Undoubtedly the aforementioned changes in eNOS phosphorylation have a significant effect on enzyme activity. However, as mentioned above, there are other mechanisms of eNOS regulation, in particular the interaction with other proteins (Fulton et al., 2001; Kone et al., 2003) and the effects of subcellular localization (Shaul, 2002). It is clear from the present studies that folic acid promotes a significant increase/decrease in the interaction of eNOS with HSP90/caveolin-1 respectively, while that with calmodulin is unaffected. However, the lack of effect of 50 µM folic acid on the eNOS/HSP90 interaction is puzzling.
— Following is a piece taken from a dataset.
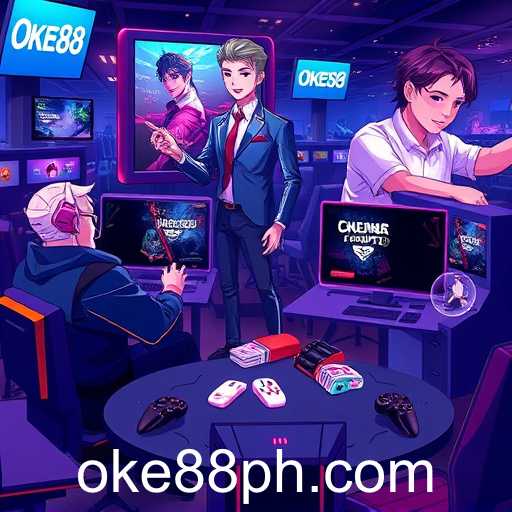 The Rise of Online Gaming Platforms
It is possible that this very high concentration promotes more rapid eNOS/HSP90 interactions and that these are missed by our 24 h “snap-shot”. Without significant further experiments, out of the scope of the present study, it is impossible to confirm this. However, given the other significant effects mediated by 50 µM folic acid, an HSP90 independent mechanism at this concentration seems unlikely.
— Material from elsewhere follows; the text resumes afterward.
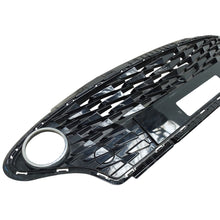 Load image into Gallery viewer, Hyundai I10 front bumper centre grill 2020-2023 Hatchback Genuine 86351-K7010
Importantly the changes in protein–protein interactions described here are not a consequence of alterations in transcription/translation and occur in the absence of an obvious change in the subcellular distribution of eNOS protein. Given that several other stimuli are well reported to have similar effects on the HSP90/eNOS and caveolin-1/eNOS interactions, thus increasing NO synthesis (Brouet et al., 2001; Forstermann et al., 1991; Garcia-Cardena et al., 1998; Michel et al., 1997b; Takahashi and Mendelsohn, 2003) suggests that this action of folic acid could also play a significant role in improving endothelial function in the studies described above.

Conclusion

The present study demonstrates that folic acid modulates eNOS activity via both positive and negative phosphorylation events that involve important intracellular protein kinase-dependent signalling axes. Furthermore, folic acid also influences changes in important eNOS protein interactions which would ultimately lead to increased enzyme activity. Notably these data would implicate folic acid in the optimisation of normal endothelial function and the possible prevention of an initial, and deleterious, cardiovascular event.

Sources of funding

This work was supported by a British Heart Foundation Grant (PG/08/025/24667).